Thanks to Bethesda we were able to get our hands on a demo of Wolfenstein II: The New Colossus. The demo consisted of two levels, the opening level of the game and one set further through the story. The introductory level is set on a stolen Nazi submarine where a newly awakened B.J. Blazkowicz (William) is confined to a wheelchair due to the injuries he sustained at the end of Wolfenstein: The New Order. The next playable level had us in the streets of Roswell, New Mexico.
In the first area Blazkowicz is confined to a wheelchair. Manoeuvring around the level is difficult yet strangely fun with restrictions set in place as to how the character can move – much like the beginning of Metal Gear 6, but better. William may be injured but he is not out in this sequel. After a coma of 5 months he is called into action when awoken to the General raining down hell on their ship. With a heavily pregnant wife and bound to a wheelchair he surrenders himself to the Nazi general who has brought her rather large daughter along just to humiliate her (who has a good heart despite her mother’s crass).
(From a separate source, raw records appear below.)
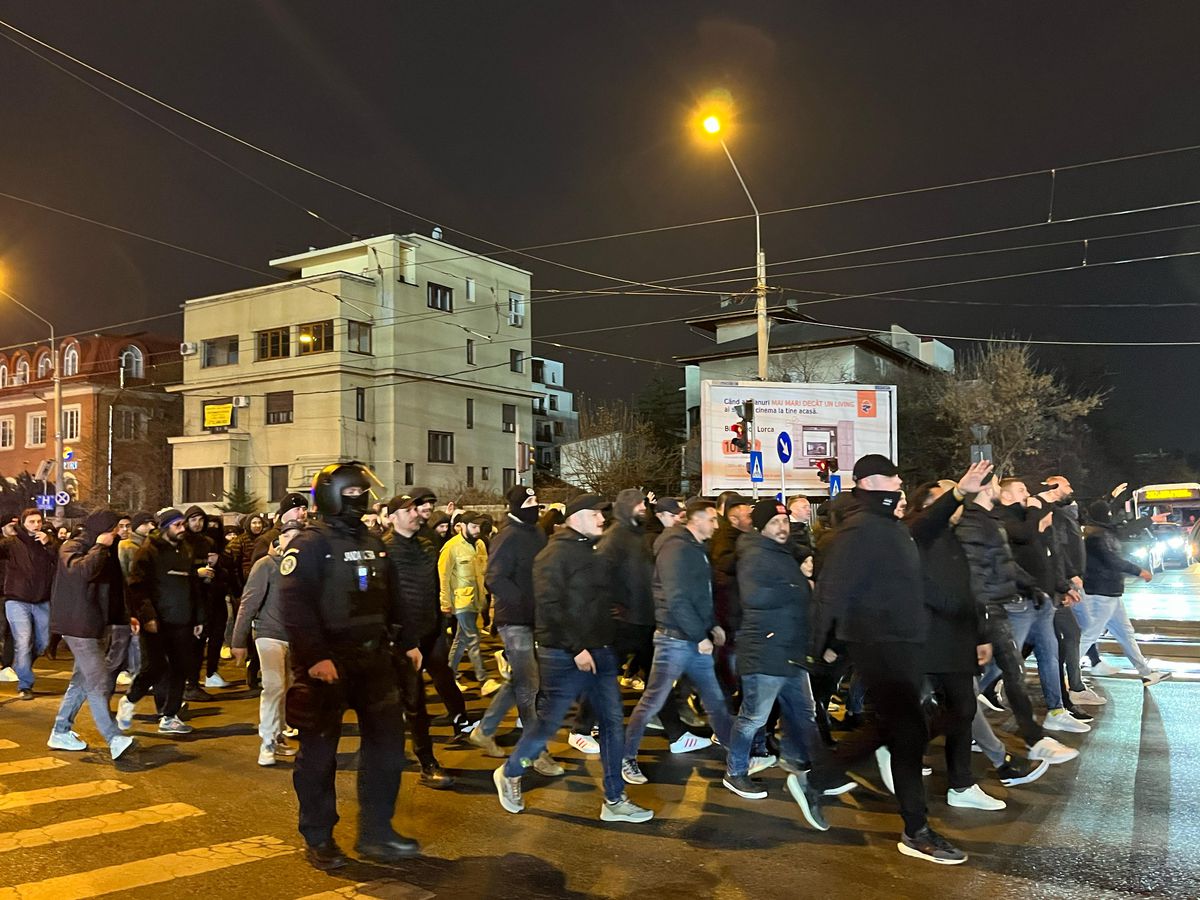 Imagini dinainte de Dinamo - UTA, 8 martie 2024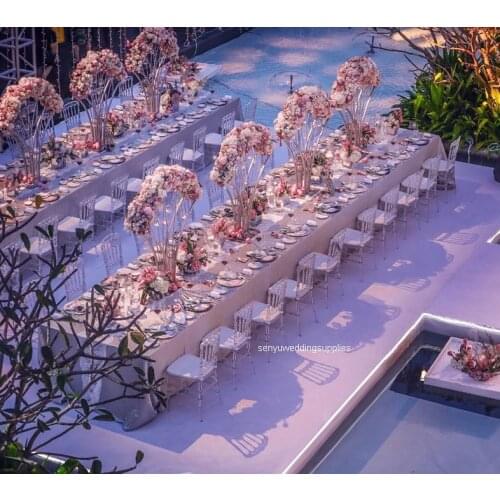 New style Wedding Centerpieces Artificial Flower Table Centre pieces Wedding Stage Decor senyu2405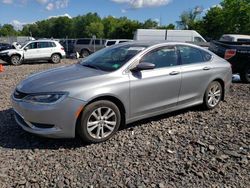 Salvage cars for sale at Chalfont, PA auction: 2016 Chrysler 200 Limited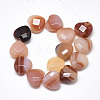 Natural Red Agate Beads Strands G-S357-E02-09-2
The interesting movement mechanic of the wheelchair makes you change how you think about moving around a Nazi base, using the giant machinery inside the engine to get around. The gimmick isn’t spoiled by being over-used either as it is confined to purely the first level.
It is worth mentioning that there is a huge distinction in difficulties separating the two levels playable during the preview, with the beginning level not much of a challenge and the other one seeming entirely unfair. The playability of the game itself is brought to question when balance is an issue. This may be subject to change before release and I hope they do tweak the difficulty as it was frustratingly challenging for everyone who took part that I spoke with. The respawn times are infuriatingly long as well, becoming longer with each death, but once again this may be altered before launch. The difficulty really ramps up and so does the intensity of the game.
One of the ways around the difficulty was by utilising the ease of melee kills. Melee kills are quick and have varied animations, but you are not immune to damage during those 2-4 seconds of animation. However, enemies don’t seem to attack if there is another enemy between you and them, so if lined up in a hallway it’s a quick way to get some kills and save a bit of ammo.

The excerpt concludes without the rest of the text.